Retrieving parameters#
Since the values of Element attributes keep their original type, they cannot be used to access the underlying parameter. The only way to retrieve it is to use the get_parameter() method. a TypeError is raised if the attribute is not
a Parameter.
ql = qf1.get_parameter('Length')
print(f"{ql}: {ql!r}")
print("ql is qlength:", ql is qlength)
total_length-dlength: 1.4
ql is qlength: True
This also works for items in array attributes:
qs = qd1.get_parameter('PolynomB', index=1)
print(f"{qs}: {qs!r}")
print("qs is qstrength:", qs is qstrength)
quad_strength: -0.5
qs is qstrength: True
Checking parametrisation#
The is_parameterised() method may be applied to:
a full element: it returns true is any of its attributes is a parameter,
an array attribute: it returns true if any of its items is a parameter,
a scalar attribute or an item of an array.
print(qd1.is_parameterised())
print(qd1.is_parameterised('PolynomB', index=1))
print(qd1.is_parameterised('PolynomB', index=0))
True
True
False
Removing parameters#
Removing the parameters will “freeze” the element at its current value. The unparameterise() method is defined for both Element and Lattice, and may be applied to:
a full element: all the parameters are replaced by their value,
an array attribute: the whole
ParamArrayis replaced by a numpy array,a scalar attribute or an item of an array.
In an Element#
print(qd1)
qd1.unparameterise('Length')
print(qd1)
Quadrupole:
FamName: QD1
Length: param5
PassMethod: StrMPoleSymplectic4Pass
MaxOrder: 1
NumIntSteps: 10
PolynomA: [vkick 0.0]
PolynomB: [0.0 quad_strength]
K: -0.5
Quadrupole:
FamName: QD1
Length: 0.2
PassMethod: StrMPoleSymplectic4Pass
MaxOrder: 1
NumIntSteps: 10
PolynomA: [vkick 0.0]
PolynomB: [0.0 quad_strength]
K: -0.5
qd1.unparameterise('PolynomB', 1)
print(qd1)
Quadrupole:
FamName: QD1
Length: 0.2
PassMethod: StrMPoleSymplectic4Pass
MaxOrder: 1
NumIntSteps: 10
PolynomA: [vkick 0.0]
PolynomB: [ 0. -0.5]
K: -0.5
In a Lattice#
print(ring[5])
ring.unparameterise('QF1[AE]', 'PolynomB', index=1)
print(ring[5])
Quadrupole:
FamName: QF1A
Length: lf1
PassMethod: StrMPoleSymplectic4Pass
FringeQuadEntrance: 1
FringeQuadExit: 1
MaxOrder: 1
NumIntSteps: num_int_steps
PolynomA: [0. 0.]
PolynomB: [0.0 kf1]
K: 2.5394599781303304
Quadrupole:
FamName: QF1A
Length: lf1
PassMethod: StrMPoleSymplectic4Pass
FringeQuadEntrance: 1
FringeQuadExit: 1
MaxOrder: 1
NumIntSteps: num_int_steps
PolynomA: [0. 0.]
PolynomB: [0. 2.53945998]
K: 2.5394599781303304
ring.unparameterise('QF1[AE]')
print(ring[117])
Quadrupole:
FamName: QF1E
Length: 0.311896
PassMethod: StrMPoleSymplectic4Pass
FringeQuadEntrance: 1
FringeQuadExit: 1
MaxOrder: 1
NumIntSteps: 14
PolynomA: [0. 0.]
PolynomB: [0. 2.53945998]
K: 2.5394599781303304
Parameter history#
Parameter values are kept in an history buffer.
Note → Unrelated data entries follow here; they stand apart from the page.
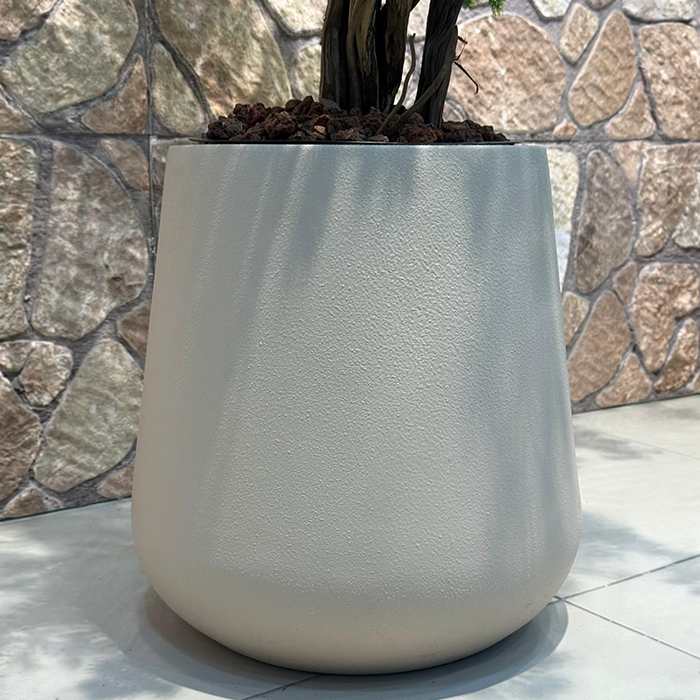 Bonsai - Görsel 6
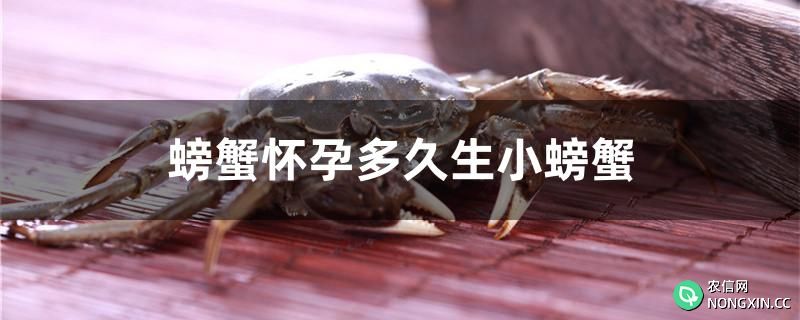 螃蟹怀孕多久生小螃蟹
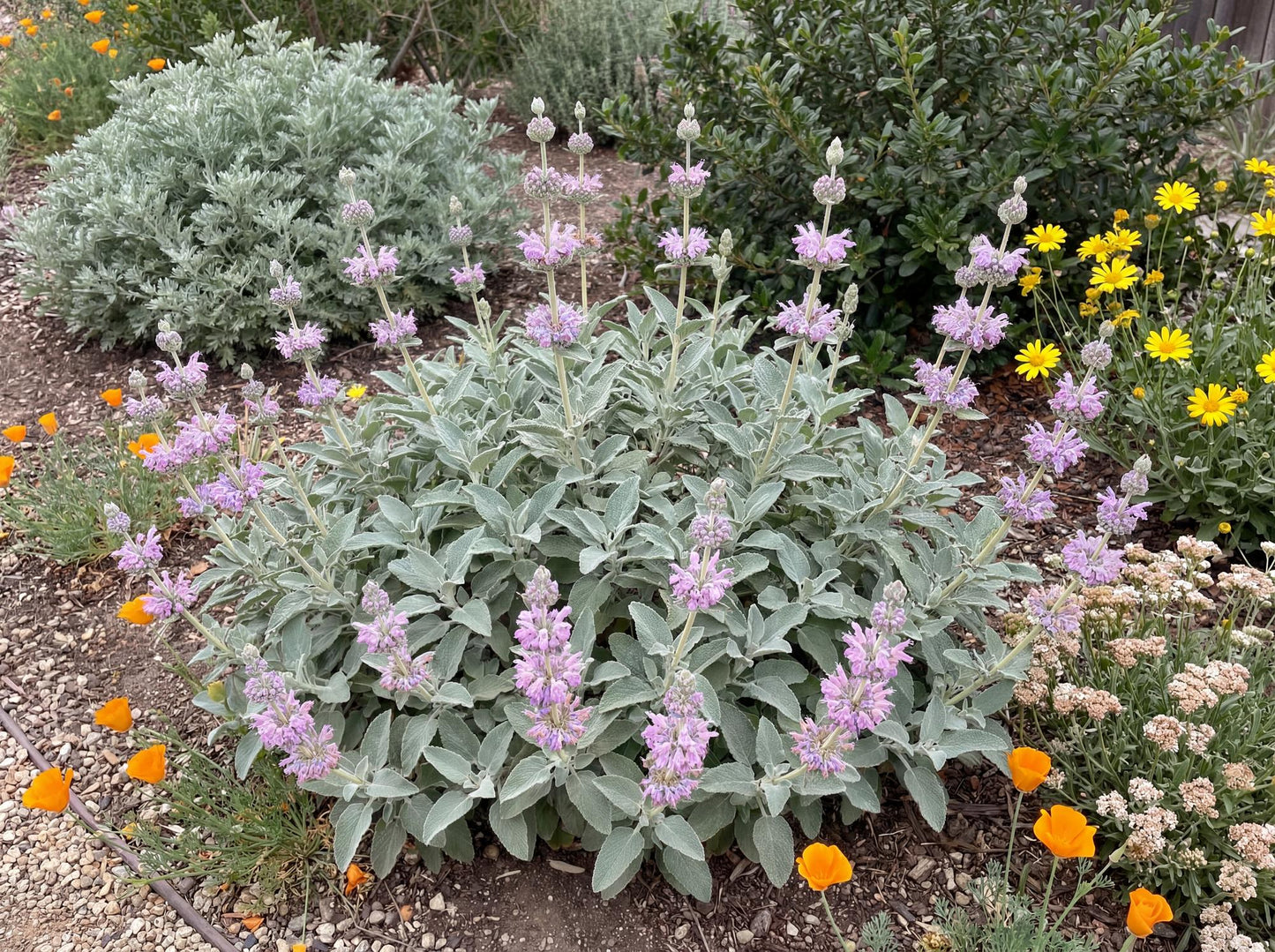 Point Sal Spreader Mexican Purple Sage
The properties initial_value, last_value and previous_value are also available:
dlength.value = 1.1
print(dlength.history)
print(dlength.initial_value)
print(dlength.previous_value)
[1.0, 0.9, 1.1]
1.0
0.9
After varying parameters, in matching for instance, the current status can be printed:
print(dlength.status())
Name Initial Final Variation
dlength 1.000000e+00 1.100000e+00 1.000000e-01
Parameters may be reset to a previous history value with the reset() and set_previous() methods. The history is shortened accordingly.
dlength.set_previous()
print(dlength, dlength.history)
dlength.reset()
print(dlength, dlength.history)
dlength [1.0, 0.9]
dlength [1.0]
Copying and Saving#
Parameters cannot be copied. A shallow or deep copy of a parameter returns the parameter itself.
So in a deep copy of an Element, the parameters are preserved.
When saving a lattice with parameterised elements, as a .mat, a .m or .repr file, all parametrisation is removed, and a “frozen” state of the lattice is saved.
In pickle dumps of an Element, parameters are preserved.